What was once the world’s largest Bitcoin exchange, Mt. Gox, appeared near collapse this week, the latest symbol of the woes facing early players in the world of virtual currencies.
Mt. Gox, based in Tokyo, has had a rough ride lately. A few days after cutting off withdrawals for customers, Mt. Gox said Monday that its problems were a result of a more fundamental flaw in the computer program that underlies Bitcoin.
That news touched off a sell-off in virtual currency markets Monday, briefly leading to a swoon of more than 20 percent in the price of Bitcoin, to $535. The price recovered somewhat after developers and researchers in the Bitcoin community said the problems were less an indication of flaws in the currency than of bad decisions at Mt. Gox.

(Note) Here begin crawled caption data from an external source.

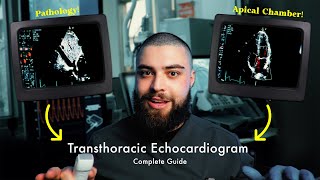 How to Perform a Transthoracic Echocardiogram (TTE) | Step-by-Step Guide!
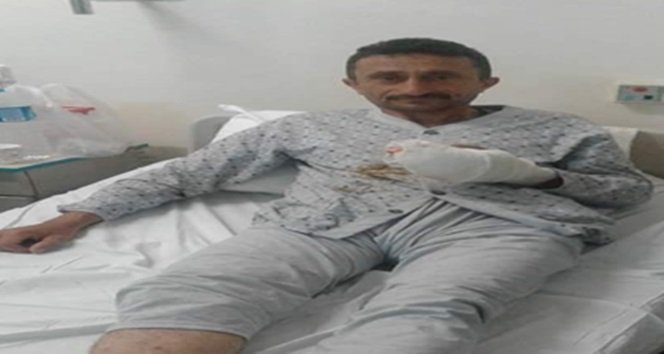 Fındık patozuna elini kaptırdı, parmakları koptu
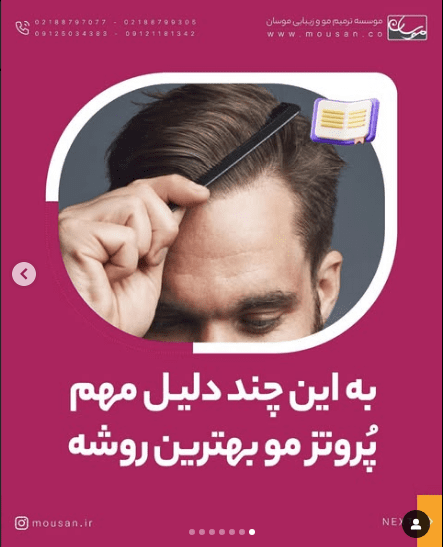 بهترین روش پروتز مو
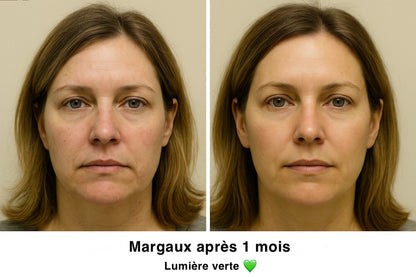 Masque LED Visage 4 Couleurs, Soin Beauté Maison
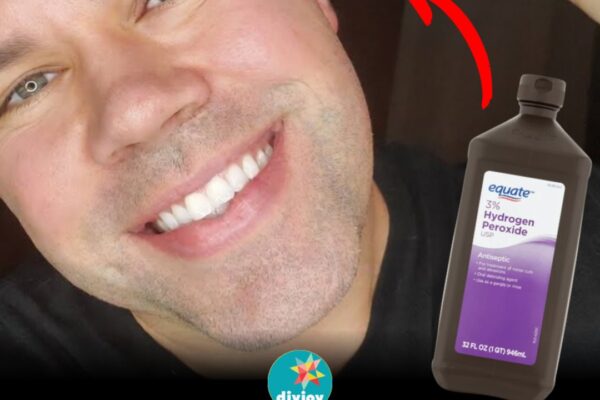 How to Remove Earwax Safely at Home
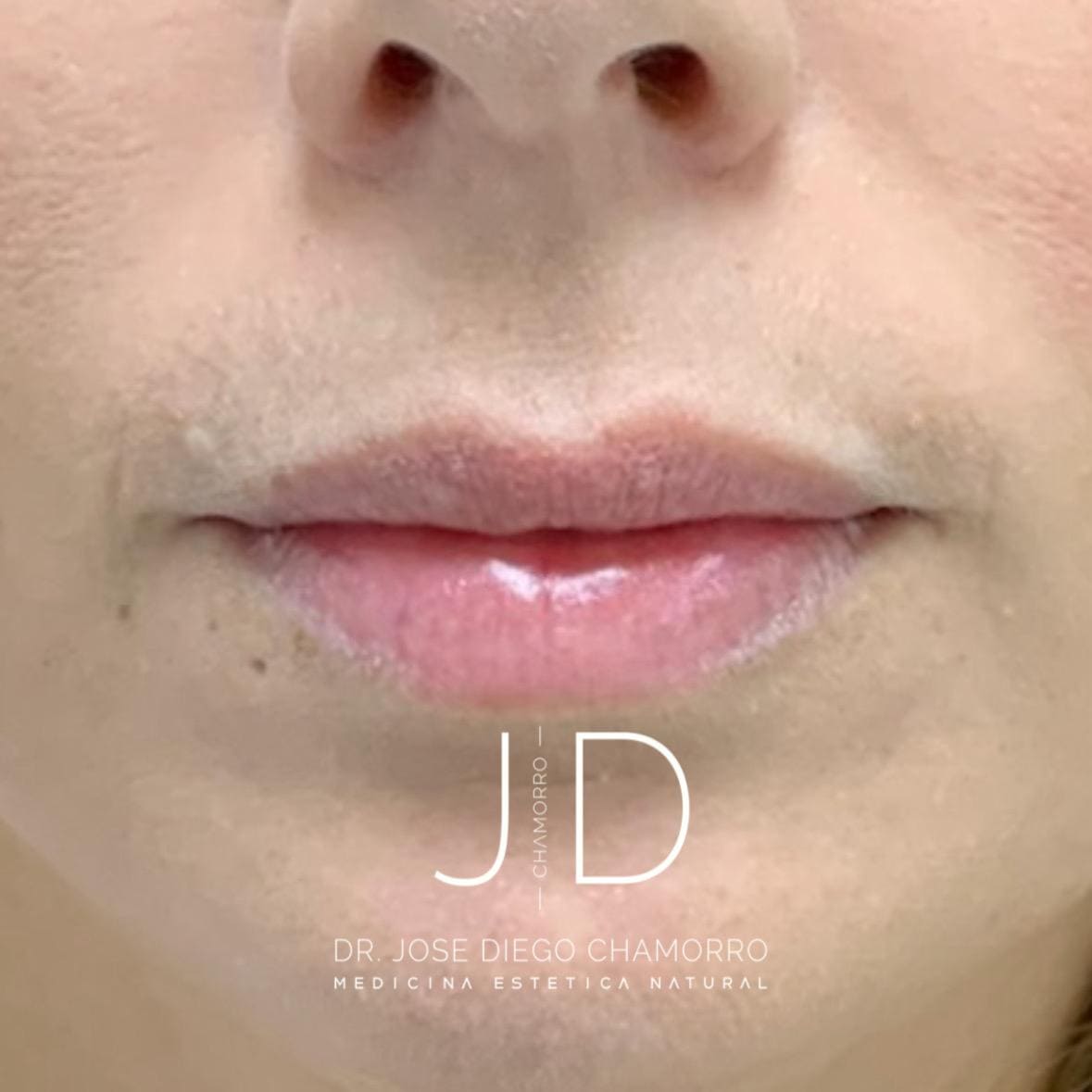 antes-labios2 antes-labios2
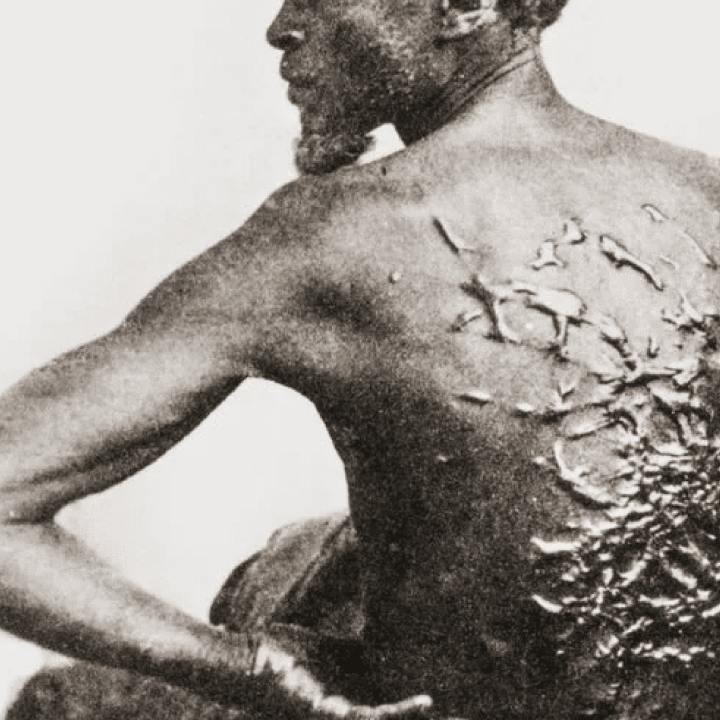 Historical photo of a formerly enslaved man whose back is covered in scars from being whipped.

“This just confirms what everyone in the Bitcoin community has known for a while: Don’t use Mt. Gox,” said Sarah Meiklejohn, a graduate student at the University of California, San Diego who studies virtual currencies.
Mt. Gox is not the only early leader in the virtual currency world to stumble as Bitcoin has grown more popular. Charles Shrem, a founder of one of the most popular early Bitcoin websites, BitInstant, was arrested in late January and accused of helping people make drug purchases with bitcoins.
Edward Felten, a professor at Princeton University who has studied Bitcoin, said, “We’re seeing a shakeout where the companies that are weaker in terms of management and technical execution are being weeded out.”
At the same time, Bitcoin developers did acknowledge that weaknesses remained in the currency’s underlying protocol.
“This is a good reminder that Bitcoin is still young and experimental,” the lead developer at the Bitcoin Foundation, Gavin Andresen, said Monday.
Bitcoin has drawn many fans because it runs according to computer code, and is thus theoretically immune to human error. Some critics, though, have long said that computer code can be susceptible to flaws or manipulation.
The recent big movements in the price of Bitcoin seem to be driven largely by the turmoil at Mt. Gox. Last week, a growing number of customers were complaining about their inability to withdraw money from their Mt. Gox accounts.
Friday, the company stopped any further withdrawals.
Mt. Gox’s contentions about the Bitcoin code were taken seriously Monday because they raised basic questions about the soundness of the currency.
From the creation of Bitcoin in 2009, one of the most important and vaunted features of its protocol was its ability to prevent the same coins from being moved to two different places at the same time. In its announcement Monday, Mt. Gox said that a bug in the Bitcoin software made it possible for someone to use the Bitcoin network to alter transaction details to make it appear that a bitcoin transfer had not taken place when, in fact, it had.
The company said: “We have discussed this solution with the Bitcoin core developers and will allow bitcoin withdrawals again once it has been approved and standardized.”